** DATA PROVIDED follows **

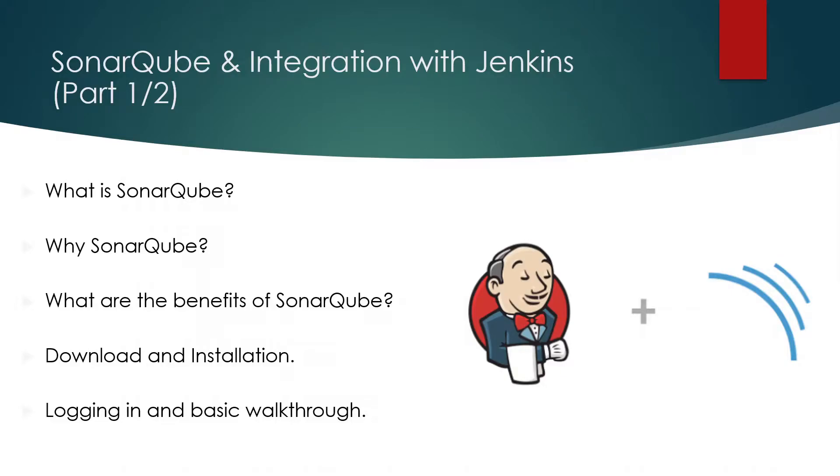Hey guys, welcome back to another video in Jenkins automation course. Today we will discuss how to integrate SonarQube with Jenkins pipelines.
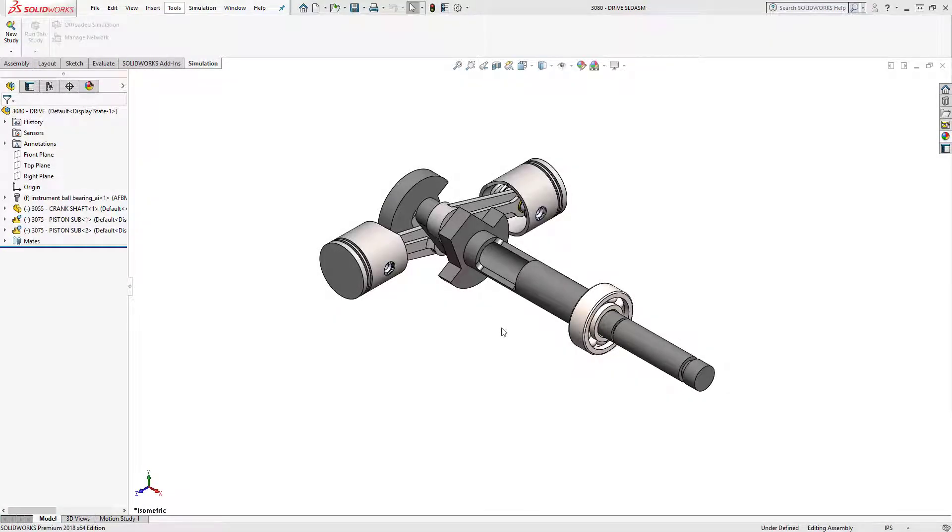Hi, my name is Vince Ferrell and I'm an applications engineer at Hawk Ridge Systems. In this video I want to show off another great new feature in SOLIDWORKS 2018 having to do specifically with simulation.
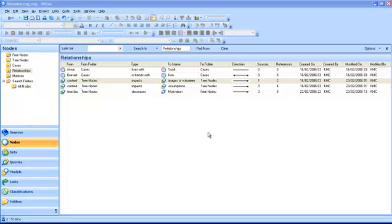Because relationships are nodes they can contain coding. For example the relationship context's impact on images of volunteers contains two references. If you double click on the relationship in the list view you can see the coded extracts in the detail view.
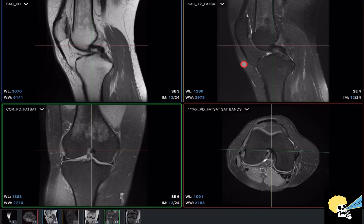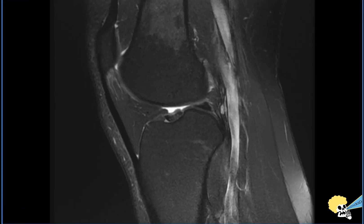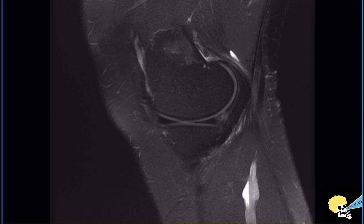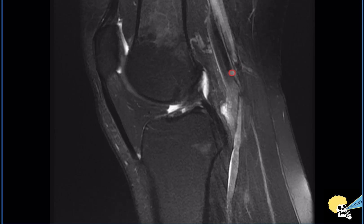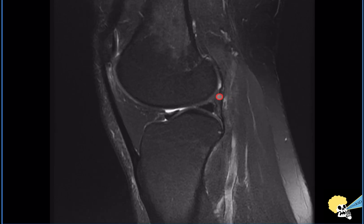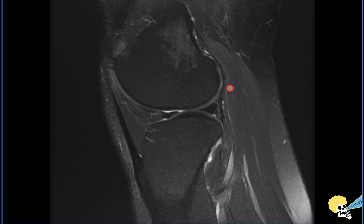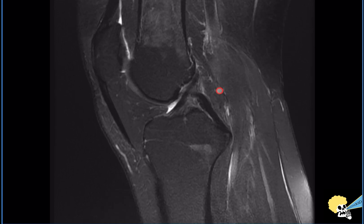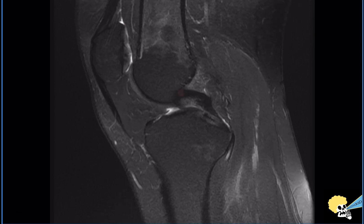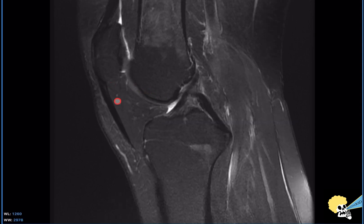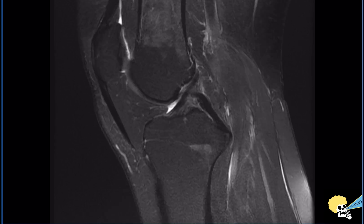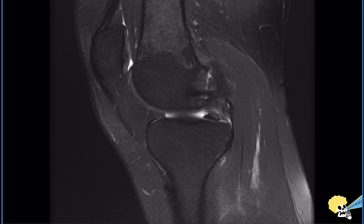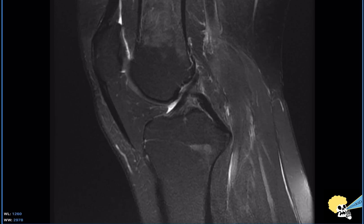Finally, I go to the sagittal images with fat suppression — either a T2 or a proton density. Again, I'm looking at the cartilage, at the weight-bearing and non-weight-bearing femoral condyles. Here I look again for effusion of the suprapatellar recess. I'm also looking at the infrapatellar fat pad — also known as Hoffa's fat pad — to make sure there is no edema or any other abnormality. With that, I've finished the bone and joint search.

** End of DATA PROVIDED **

▶ _WHAT YOU NEED TO DO_
The whole of the data above needs retyping exactly, with pictures omitted.

▶ _OUTPUT_
Hey guys, welcome back to another video in Jenkins automation course. Today we will discuss how to integrate SonarQube with Jenkins pipelines.
Hi, my name is Vince Ferrell and I'm an applications engineer at Hawk Ridge Systems. In this video I want to show off another great new feature in SOLIDWORKS 2018 having to do specifically with simulation.
Because relationships are nodes they can contain coding. For example the relationship context's impact on images of volunteers contains two references. If you double click on the relationship in the list view you can see the coded extracts in the detail view.
Finally, I go to the sagittal images with fat suppression — either a T2 or a proton density. Again, I'm looking at the cartilage, at the weight-bearing and non-weight-bearing femoral condyles. Here I look again for effusion of the suprapatellar recess. I'm also looking at the infrapatellar fat pad — also known as Hoffa's fat pad — to make sure there is no edema or any other abnormality. With that, I've finished the bone and joint search.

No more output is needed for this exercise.